A simple hello held the power to brighten my day.
I had picked up a prescription at my local drug store when a small child, maybe 4 years old, peeked out from behind his mother's leg. He smiled at me and said hello. I heard him speaking Mandarin earlier, so I smiled back and said "nǐ hǎo."
He laughed a coy but mischievous laugh, the kind that kids sometimes do. We played a little game where I turned my head then looked back at him in peek-a-boo fashion. We amused each other awhile.
I thought about how children are often a lot more open and friendly than adults. We keep our guards up, heads down, get on with our days. We can be so busy, it's easy to lose our sense of wonder. Quite often, I'll walk down the street and notice many people avoid eye contact. I understand sometimes, in a bigger city, people need to create a little bubble of personal space.
Crowded and lonely at the same time.
One day, I was out for a morning jog, and decided I'd acknowledge every person I pass on the street. Either say hello, wave or nod. I approached a man walking his dog. Immediately after I made my resolution, the man waved to me, before I could say hi.
That was kind of weird and neat, I thought. One of those coincidences that maybe isn't a coincidence. We both said our hellos and went our separate ways.

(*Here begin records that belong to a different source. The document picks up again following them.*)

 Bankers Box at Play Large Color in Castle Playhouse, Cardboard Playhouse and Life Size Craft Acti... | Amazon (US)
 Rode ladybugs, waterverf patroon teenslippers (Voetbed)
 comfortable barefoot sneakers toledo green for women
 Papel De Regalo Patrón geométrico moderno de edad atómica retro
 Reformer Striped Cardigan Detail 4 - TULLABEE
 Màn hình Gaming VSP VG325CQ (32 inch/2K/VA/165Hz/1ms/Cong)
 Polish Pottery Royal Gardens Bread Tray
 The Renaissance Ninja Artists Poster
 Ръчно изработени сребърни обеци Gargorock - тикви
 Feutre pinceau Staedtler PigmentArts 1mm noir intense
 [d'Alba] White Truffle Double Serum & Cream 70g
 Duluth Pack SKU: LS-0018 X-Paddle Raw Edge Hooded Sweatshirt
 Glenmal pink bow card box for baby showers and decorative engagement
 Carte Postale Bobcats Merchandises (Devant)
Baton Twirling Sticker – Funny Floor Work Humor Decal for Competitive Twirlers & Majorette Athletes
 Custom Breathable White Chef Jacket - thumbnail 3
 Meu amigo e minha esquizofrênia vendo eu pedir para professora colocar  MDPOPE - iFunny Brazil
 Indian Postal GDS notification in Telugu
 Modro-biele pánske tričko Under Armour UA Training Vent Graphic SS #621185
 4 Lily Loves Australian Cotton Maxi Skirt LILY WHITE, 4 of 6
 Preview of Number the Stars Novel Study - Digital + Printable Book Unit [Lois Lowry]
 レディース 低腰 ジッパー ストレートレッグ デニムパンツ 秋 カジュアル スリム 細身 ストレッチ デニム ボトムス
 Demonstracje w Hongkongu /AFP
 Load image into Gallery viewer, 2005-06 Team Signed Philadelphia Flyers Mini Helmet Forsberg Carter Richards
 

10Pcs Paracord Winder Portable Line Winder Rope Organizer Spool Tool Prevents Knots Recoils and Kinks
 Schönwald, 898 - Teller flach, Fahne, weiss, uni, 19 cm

I doubled back and caught up with the man as he got into his car.
"Hey," I said, "sorry to bother you, but right before you waved to me, I had just decided that very moment I'd say hello to everyone I passed on the street. But you beat me to it."
He smiled. "Yeah, I recognize you, so I thought I'd wave. You run around the neighbourhood, right? How far do you usually go?"
"Oh, I don't even time myself or measure distance anymore, but maybe three or four kilometres. Just to stay in shape."
"That's great. I used to run marathons, but really that's all you need to do."
"You know," I said, "I think we'd all be in better moods if we said hello more often to strangers."
"People are so busy these days, we don't take the time anymore," he added. "I used to be a social worker. One time I was counselling a client. I got all philosophical, jabbering on about the meaning of life. The lady told me after she didn't care at all about what I said, but what really mattered was I took the time to talk with her."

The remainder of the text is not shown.